[Brief descriptive captions]
================

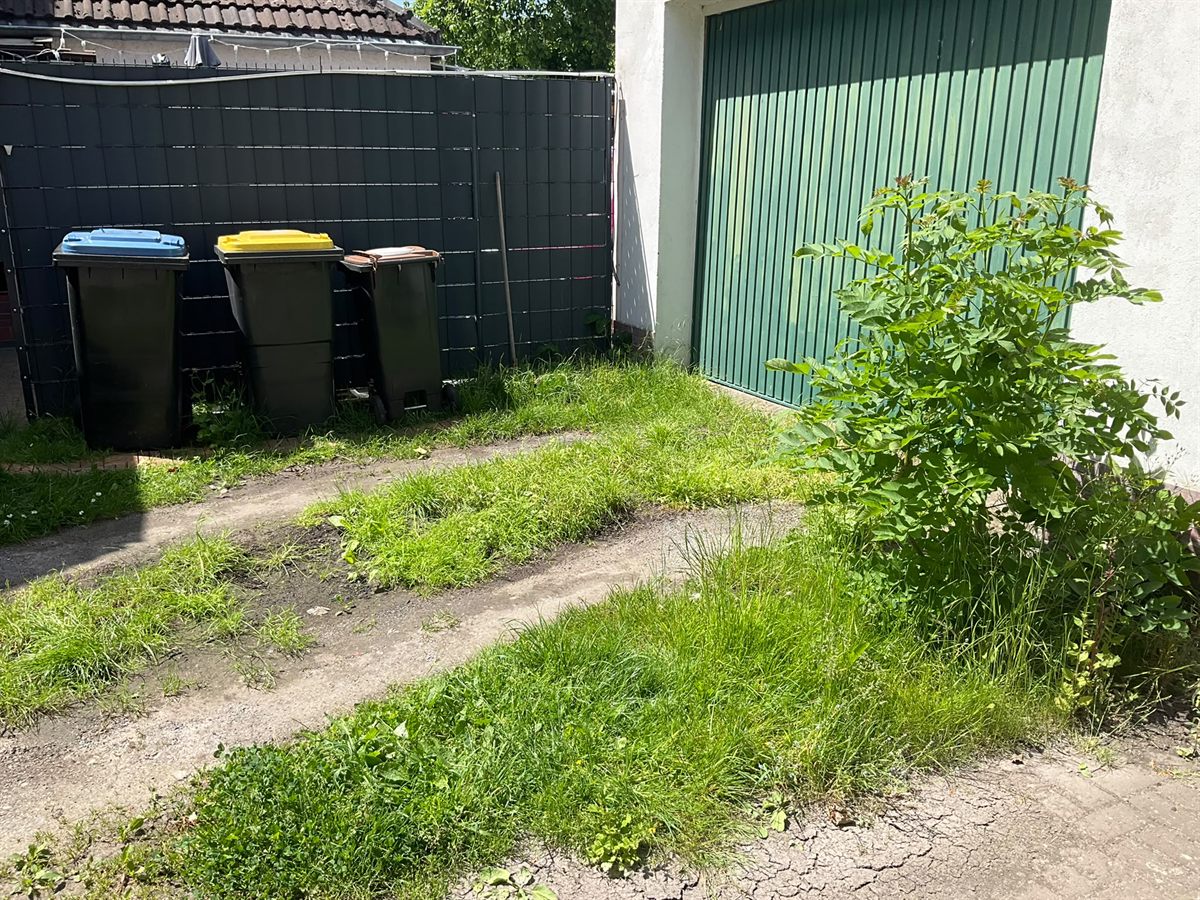 Vorher: ungepflasterter, zugewachsener Bereich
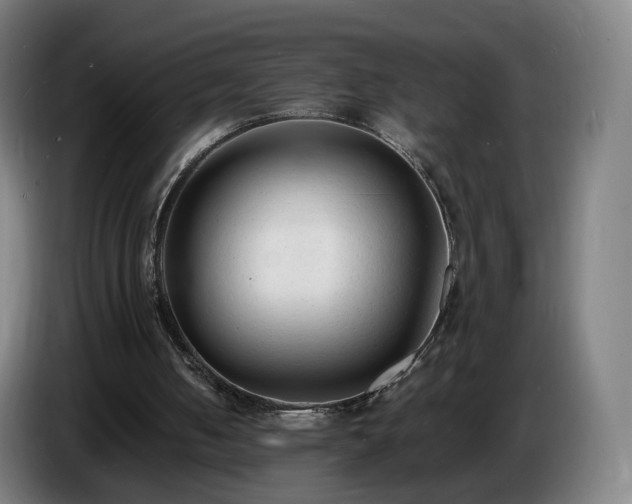 X0000086720050200704201634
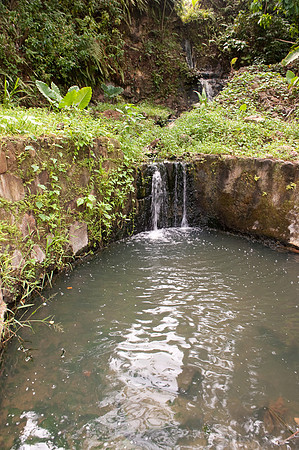 BillMortley_04282010_St. Lucia_  BMP-8721
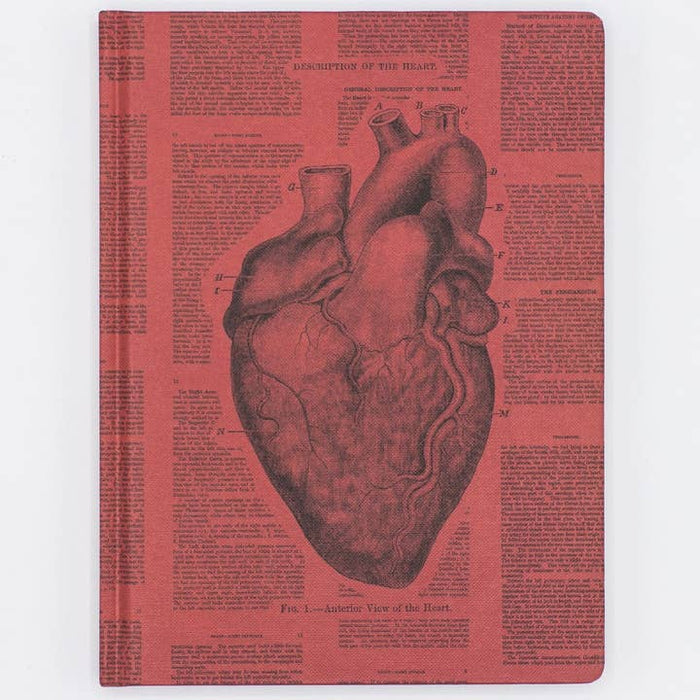 Anatomical Heart Hardcover Notebook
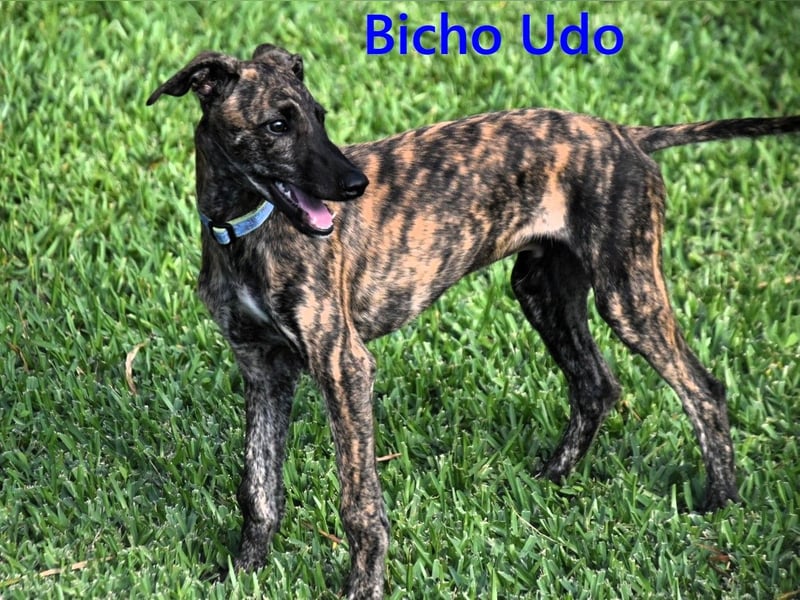 Bicho Udo geb. 07/2025 (ESP) - aufgeweckter und verspielter Galgo Welpe!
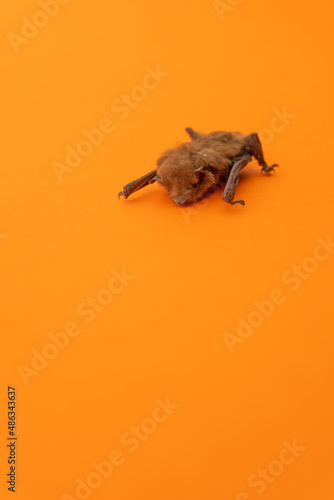Little bat with brown hair on a deep orange background. with copy space  portrait photography
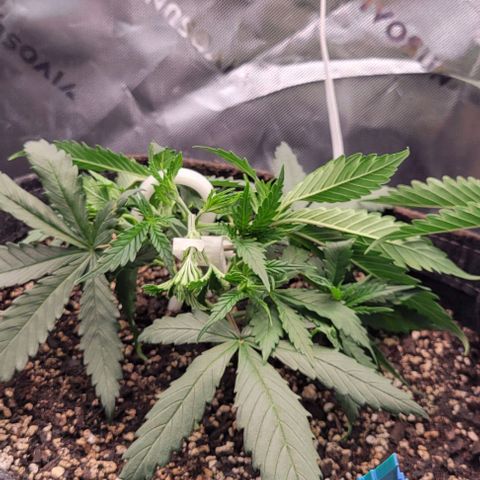 Big Gorl growlog timeline photo
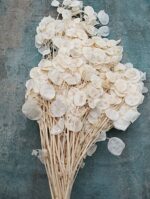 Lunaria uscata ivoiry set 100g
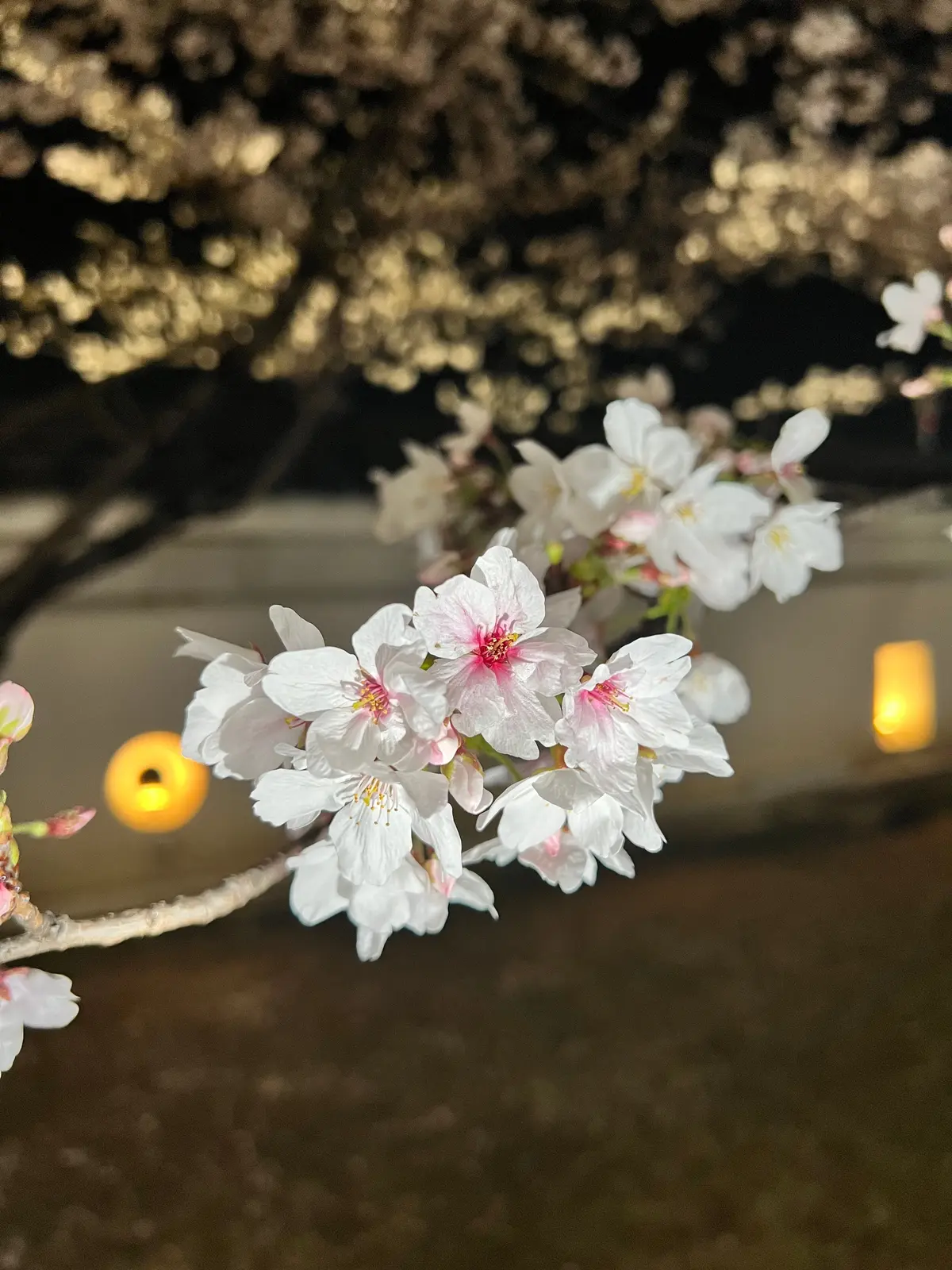 福山城の夜桜と絶品尾道ラーメンの画像_5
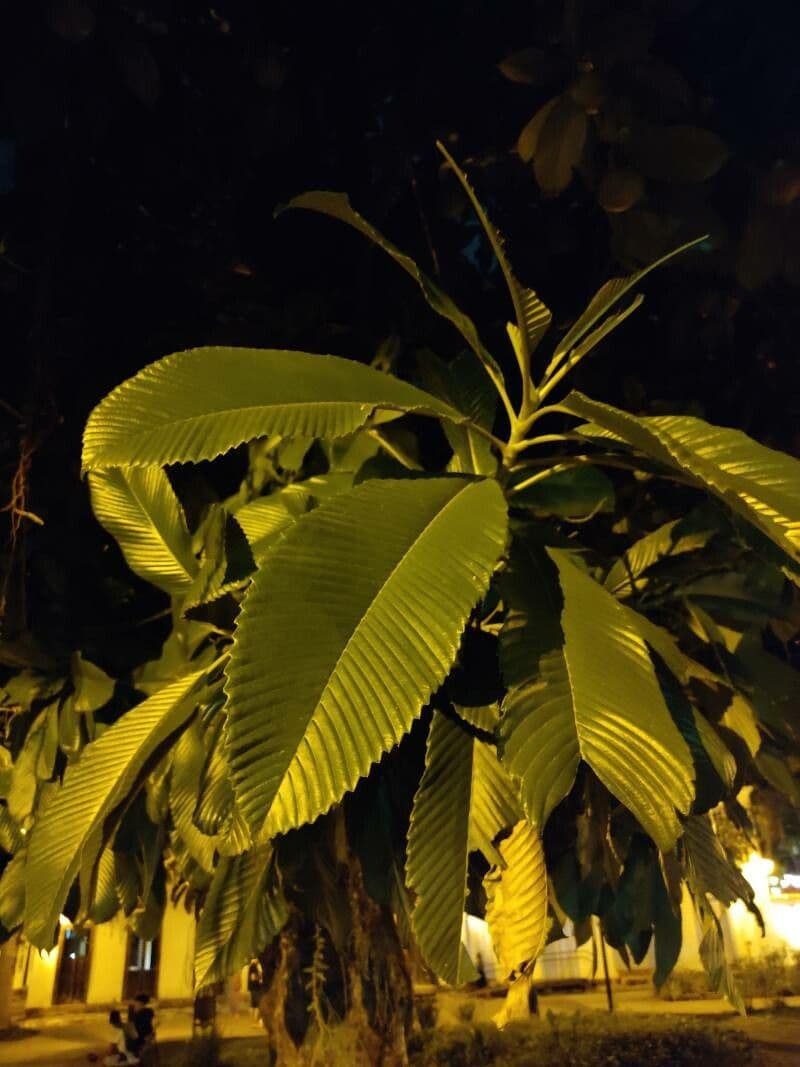 Dillenia indica 17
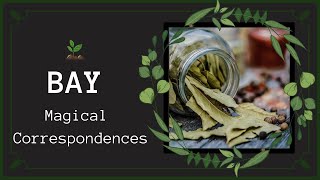 Bay Correspondences &amp; Uses In Magical Practice | Laurus Nobilis | Witchcraft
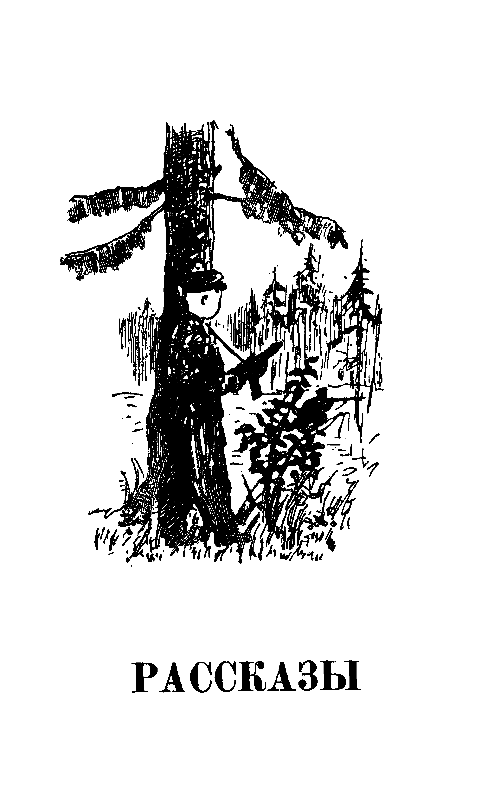 Повести и рассказы pic_12.png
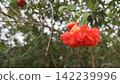 Close up of a bright red ruffled pomegranate flower blooming beautifully on a leafy green branch in an outdoor garden scene 142239996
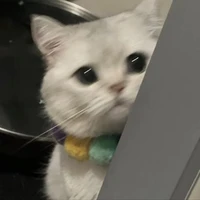แอดเอง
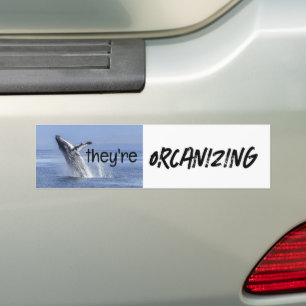 Funny ORCANIZING Orca Killer Whale Trendy Joke Bumper Sticker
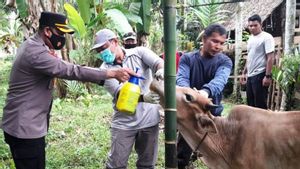 Sebanyak 1.024 Hewan Ternak di Aceh Barat Terjangkit Penyakit Mulut dan Kuku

================

▶ **EXERCISE AIM**
The data above are to be repeated word for word, with any pictures left out.

▶ **YOUR RESPONSE**
 Vorher: ungepflasterter, zugewachsener Bereich
 X0000086720050200704201634
 BillMortley_04282010_St. Lucia_  BMP-8721
 Anatomical Heart Hardcover Notebook
 Bicho Udo geb. 07/2025 (ESP) - aufgeweckter und verspielter Galgo Welpe!
Little bat with brown hair on a deep orange background. with copy space  portrait photography
 Big Gorl growlog timeline photo
 Lunaria uscata ivoiry set 100g
 福山城の夜桜と絶品尾道ラーメンの画像_5
 Dillenia indica 17
 Bay Correspondences &amp; Uses In Magical Practice | Laurus Nobilis | Witchcraft
 Повести и рассказы pic_12.png
 Close up of a bright red ruffled pomegranate flower blooming beautifully on a leafy green branch in an outdoor garden scene 142239996
แอดเอง
 Funny ORCANIZING Orca Killer Whale Trendy Joke Bumper Sticker
 Sebanyak 1.024 Hewan Ternak di Aceh Barat Terjangkit Penyakit Mulut dan Kuku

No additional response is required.